··· ENTRIES SHOWN ···
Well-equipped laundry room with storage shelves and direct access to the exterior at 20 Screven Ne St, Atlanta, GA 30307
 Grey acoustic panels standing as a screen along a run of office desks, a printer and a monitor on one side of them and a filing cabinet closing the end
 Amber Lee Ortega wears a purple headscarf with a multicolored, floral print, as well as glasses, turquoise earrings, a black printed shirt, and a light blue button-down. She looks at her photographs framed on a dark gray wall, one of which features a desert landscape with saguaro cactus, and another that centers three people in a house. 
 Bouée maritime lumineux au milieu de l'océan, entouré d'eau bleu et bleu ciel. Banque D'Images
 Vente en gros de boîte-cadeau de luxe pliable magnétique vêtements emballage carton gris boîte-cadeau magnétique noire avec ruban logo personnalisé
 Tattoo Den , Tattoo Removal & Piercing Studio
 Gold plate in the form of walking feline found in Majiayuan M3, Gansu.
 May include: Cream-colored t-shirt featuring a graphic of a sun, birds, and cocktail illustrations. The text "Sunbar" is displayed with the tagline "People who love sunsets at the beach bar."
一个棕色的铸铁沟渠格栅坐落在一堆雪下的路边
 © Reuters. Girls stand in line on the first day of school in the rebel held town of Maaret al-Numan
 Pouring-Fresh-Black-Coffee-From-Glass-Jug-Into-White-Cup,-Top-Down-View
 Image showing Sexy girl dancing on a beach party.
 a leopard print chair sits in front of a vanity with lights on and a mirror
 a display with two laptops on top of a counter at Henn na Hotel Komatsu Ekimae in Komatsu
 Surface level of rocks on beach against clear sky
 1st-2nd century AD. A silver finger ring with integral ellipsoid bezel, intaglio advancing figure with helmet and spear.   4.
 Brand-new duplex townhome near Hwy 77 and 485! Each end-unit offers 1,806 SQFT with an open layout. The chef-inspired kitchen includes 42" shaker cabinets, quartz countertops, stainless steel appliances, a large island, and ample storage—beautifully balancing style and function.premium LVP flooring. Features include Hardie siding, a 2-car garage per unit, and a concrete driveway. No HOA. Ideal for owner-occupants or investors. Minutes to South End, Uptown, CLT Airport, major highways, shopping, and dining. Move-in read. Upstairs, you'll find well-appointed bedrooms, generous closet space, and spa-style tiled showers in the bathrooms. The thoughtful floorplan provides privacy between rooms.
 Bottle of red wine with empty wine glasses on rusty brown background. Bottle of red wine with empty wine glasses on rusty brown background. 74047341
···
An exact copy of the lines above, from the one containing "Grey acoustic panels" through the one containing "Bouée maritime lumineux", is the whole of the answer.

 Grey acoustic panels standing as a screen along a run of office desks, a printer and a monitor on one side of them and a filing cabinet closing the end
 Amber Lee Ortega wears a purple headscarf with a multicolored, floral print, as well as glasses, turquoise earrings, a black printed shirt, and a light blue button-down. She looks at her photographs framed on a dark gray wall, one of which features a desert landscape with saguaro cactus, and another that centers three people in a house. 
 Bouée maritime lumineux au milieu de l'océan, entouré d'eau bleu et bleu ciel. Banque D'Images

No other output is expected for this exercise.